Am Nachmittag entwickelt die Insel besonderen Zauber

Rückkehr auf die Isola Bella, die in den späten Nachmittagsstunden einen besonderen Zauber entwickelt. Obwohl sie nur 320 Meter lang und 180 Meter breit ist und die Besucherflut manchmal kaum zu fassen scheint, zeigt sich die „schöne Insel“ gegen Ende der zweiten Tageshälfte von einer ruhigen, geradezu einsamen Seite. Micela, auch Michaela genannt, betreibt hier das Elvezia, eines der wenigen Hotels. Stolz zeigt sie die Zimmer in dem vorbildlich renovierten alten Haus – natürlich alle mit Wasserblick.

So still sei es hier in der Nacht, dass manche Gäste kaum schlafen können. Ein weiterer Trumpf des Hauses ist das exzellente Restaurant mit der hoch gelegenen, balkonartigen Terrasse, die von allen Sitzplätzen aus einen unverstellten Blick bietet. Wenn es den Gästen recht ist, gesellt sich Micela auf ein Glas Wein zu ihnen und berichtet von ihrem Alltag auf dem Eiland.

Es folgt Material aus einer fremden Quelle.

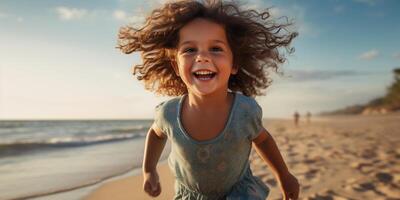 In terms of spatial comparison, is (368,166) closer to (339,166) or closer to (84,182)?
(339,166)

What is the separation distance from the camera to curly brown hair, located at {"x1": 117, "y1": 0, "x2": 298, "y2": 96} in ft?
8.50

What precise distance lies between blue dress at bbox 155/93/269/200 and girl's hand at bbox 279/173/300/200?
0.16 metres

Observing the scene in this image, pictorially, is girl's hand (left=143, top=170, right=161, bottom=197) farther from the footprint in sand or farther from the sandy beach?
the footprint in sand

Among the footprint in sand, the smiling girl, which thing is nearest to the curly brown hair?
the smiling girl

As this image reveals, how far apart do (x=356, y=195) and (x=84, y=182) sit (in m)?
2.90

Unterdessen verlassen mit der Abenddämmerung immer mehr Touristen die Isola Bella mit den letzten Fähren, dann kehrt Ruhe ein.

Wellen plätschern gegen die verwaiste Anlegestelle, einzelne Fische springen, und man fühlt sich wie in einer kleinen Bucht irgendwo am Mittelmeer. Von der Terrasse fällt der Blick auf den immer dunkler werdenden See, aus der Ferne weht Musik herüber. Die Umrisse des Ufers sind im Mondlicht deutlich zu erkennen, im Hintergrund erheben sich die Zacken der fast schwarzen Berge. Bau- und Naturdenkmäler in perfekter Harmonie und ein Dämmerlicht, das alles in sakrale Feierlichkeit taucht.

Tipps & Informationen

Anreise Nonstop ab Berlin nach Mailand zum Beispiel mit Ryanair oder Easyjet, ab Hamburg fliegen Ryanair und Eurowings.

Übernachtung Hotel Majestic, Verbania-Pallanza, www.grandhotelmajestic.it,

DZ/F ab 160 Euro oder Hotel Belvedere di Mozzio, Crodo, www.belvederemozzio.it,

DZ/F ab 140 Euro

Essen Zu empfehlen ist das Ristorante Elvezia, Isola Bella – Stresa, www.elvezia.it

Auskunft www.derlagomaggiore.de, www.maggioni-tm.de

(Die Reise erfolgte mit Unterstützung durch Maggioni Tourist Marketing.)